What's less understood is that the same tactics have been in play with Iran. Once again, neocon ideologues have been flogging questionable intelligence about W.M.D. Once again, dubious Middle East exile groups are making the rounds in Washington—this time urging regime change in Syria and Iran. Once again, heroic new exile leaders are promising freedom.

Meanwhile, a series of recent moves by the military have lent credence to widespread reports that the U.S. is secretly preparing for a massive air attack against Iran. (No one is suggesting a ground invasion.) First came the deployment order of U.S. Navy ships to the Persian Gulf. Then came high-level personnel shifts signaling a new focus on naval and air operations rather than the ground combat that predominates in Iraq. In his January 10 speech, Bush announced that he was sending Patriot missiles to the Middle East to defend U.S. allies—presumably from Iran. And he pointedly asserted that Iran was "providing material support for attacks on American troops," a charge that could easily evolve into a casus belli.

"It is absolutely parallel," says Philip Giraldi, a former C.I.A. counterterrorism specialist. "They're using the same dance steps—demonize the bad guys, the pretext of diplomacy, keep out of negotiations, use proxies. It is Iraq redux."

The neoconservatives have had Iran in their sights for more than a decade. On July 8, 1996, Benjamin Netanyahu, Israel's newly elected prime minister and the leader of its right-wing Likud Party, paid a visit to the neoconservative luminary Richard Perle in Washington, D.C. The subject of their meeting was a policy paper that Perle and other analysts had written for an Israeli-American think tank, the Institute for Advanced Strategic Political Studies. Titled "A Clean Break: A New Strategy for Securing the Realm," the paper contained the kernel of a breathtakingly radical vision for a new Middle East. By waging wars against Iraq, Syria, and Lebanon, the paper asserted, Israel and the U.S. could stabilize the region. Later, the neoconservatives argued that this policy could democratize the Middle East.

"It was the beginning of thought," says Meyrav Wurmser, an Israeli-American policy expert, who co-signed the paper with her husband, David Wurmser, now a top Middle East adviser to Dick Cheney. Other signers included Perle and Douglas Feith, the undersecretary of defense for policy during George W. Bush's first term. "It was the seeds of a new vision."

Netanyahu certainly seemed to think so. Two days after meeting with Perle, the prime minister addressed a joint session of Congress with a speech that borrowed from "A Clean Break." He called for the "democratization" of terrorist states in the Middle East and warned that peaceful means might not be sufficient.

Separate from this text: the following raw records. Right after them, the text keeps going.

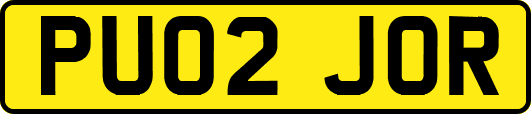 PU02JOR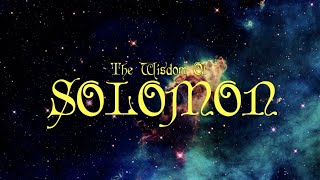 The Book Of The Wisdom Of Solomon Apocrypha [upl. by Fernas]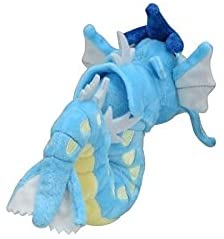 Pokemon Center: Sitting Cuties: Gyarados Plush # 130 - Generation 1 - 6 In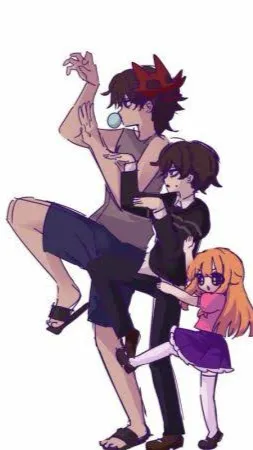 ai character: Afton’s kids background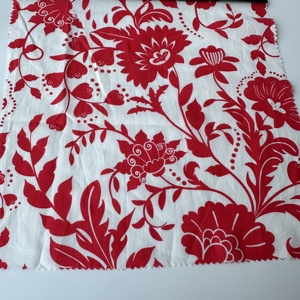 Vải in họa tiết 70% <span class=keywords><strong>viscose</strong></span> 30% lanh, thân thiện với môi trường và trang trí nhà cửa phong cách - Product Image 2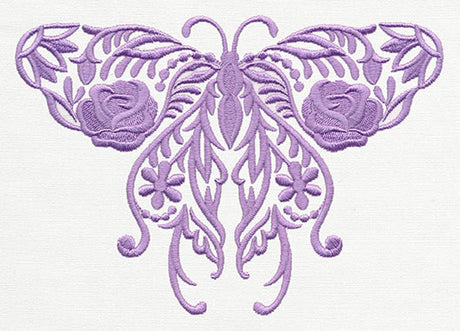Folk Spring Butterfly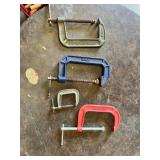 ProGrade, Irwin, Husky and Mae C-Clamps
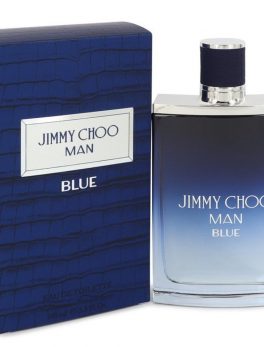 Jimmy Choo Man Blue By Jimmy Choo Eau De Toilette Spray 3.3 Oz For Men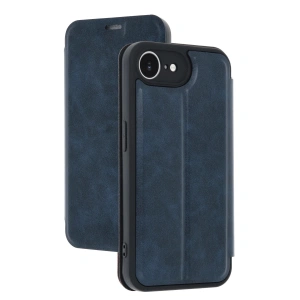 Mey İthalat®  iPhone 16E Kılıf Flip Cover - Lacivert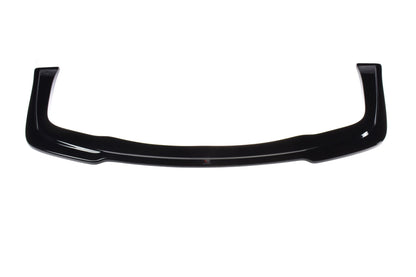 Mittlerer Diffusor Heck Ansatz für MASERATI QUATTROPORTE MK5 FACELIFT schwarz Hochglanz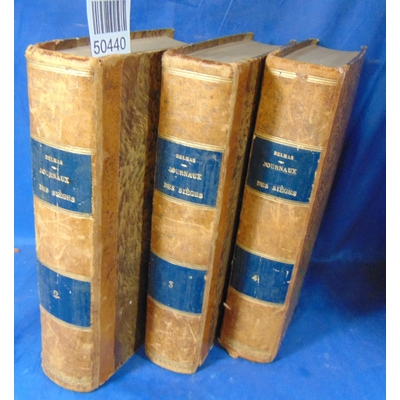 Belmas  : Journaux des sièges faits ou soutenus par les Français dans la péninsule de 1807 à 1814. tome 2-3-4.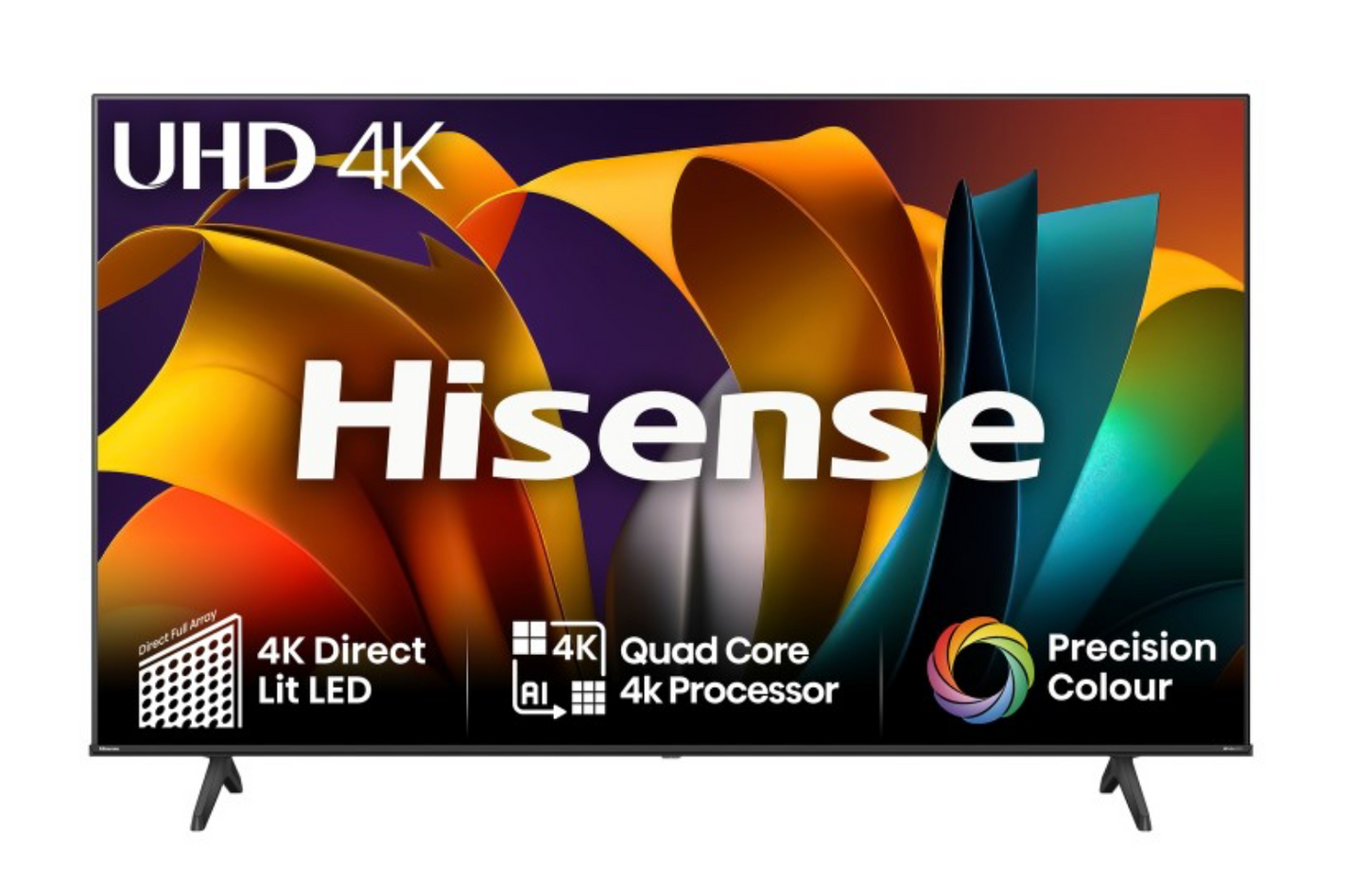 Hisense A6N 43 inch Smart 4K Ultra HD LED TV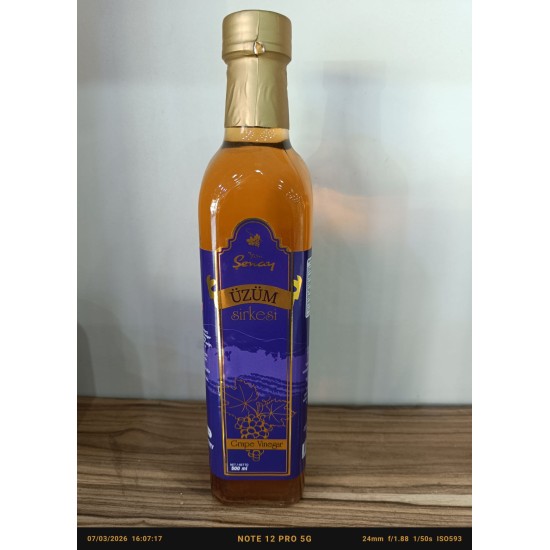 Şenay Üzüm Sirkesi 500 Ml
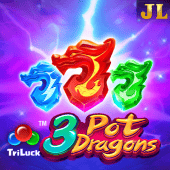 3 Pot Dragons Slot Game by 47jili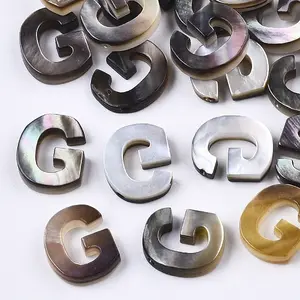 Natural Black Lip Shell Beads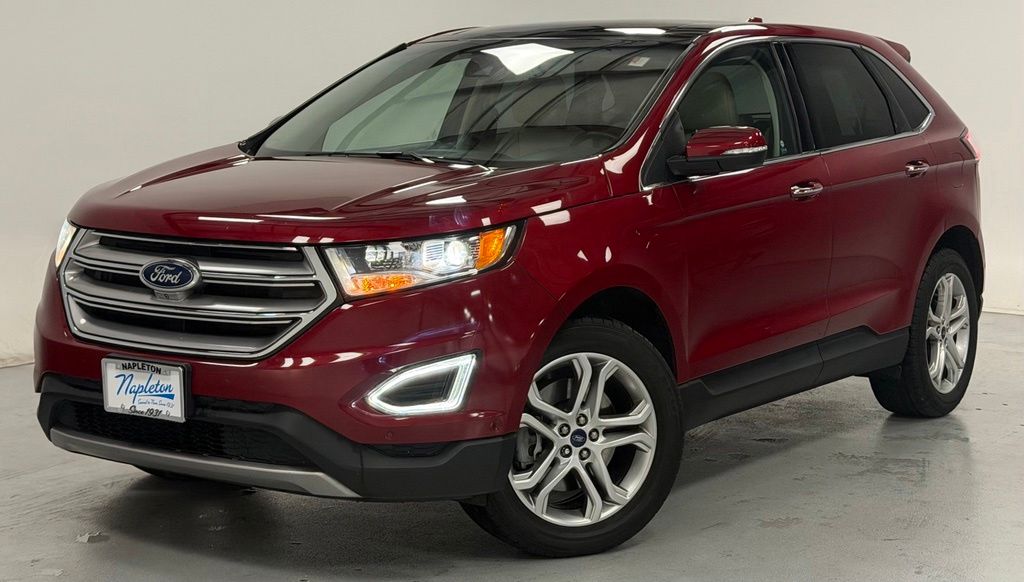 2017 Ford Edge Titanium SUV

War might be unavoidable.

Netanyahu also made one significant addition to "A Clean Break." The paper's authors were concerned primarily with Syria and Saddam Hussein's Iraq, but Netanyahu saw a greater threat elsewhere. "The most dangerous of these regimes is Iran," he said.

Ten years later, "A Clean Break" looks like nothing less than a playbook for U.S.-Israeli foreign policy during the Bush-Cheney era. Many of the initiatives outlined in the paper have been implemented—removing Saddam from power, setting aside the "land for peace" formula to resolve the Israeli-Palestinian conflict, attacking Hezbollah in Lebanon—all with disastrous results.

Nevertheless, neoconservatives still advocate continuing on the path Netanyahu staked out in his speech and taking the fight to Iran. As they see it, the Iraqi debacle is not the product of their failed policies. Rather, it is the result of America's failure to think big. "It's a mess, isn't it?" says Meyrav Wurmser, who now serves as director of the Center for Middle East Policy at the Hudson Institute. "My argument has always been that this war is senseless if you don't give it a regional context."

She isn't alone. One neocon after another has made the same plea: Iraq was the beginning, not the end. Writing in The Weekly Standard last spring, Reuel Marc Gerecht, a fellow at the American Enterprise Institute, made the neocon case for bombing Iran's nuclear sites. Brushing away criticism that a pre-emptive attack would cause anti-Americanism within Iran, Gerecht asserted that it "would actually accelerate internal debate" in a way that would be "painful for the ruling clergy." As for imperiling the U.S. mission in Iraq, Gerecht argued that Iran "can't really hurt us there." Ultimately, he concluded, "we may have to fight a war—perhaps sooner rather than later—to stop such evil men from obtaining the worst weapons we know."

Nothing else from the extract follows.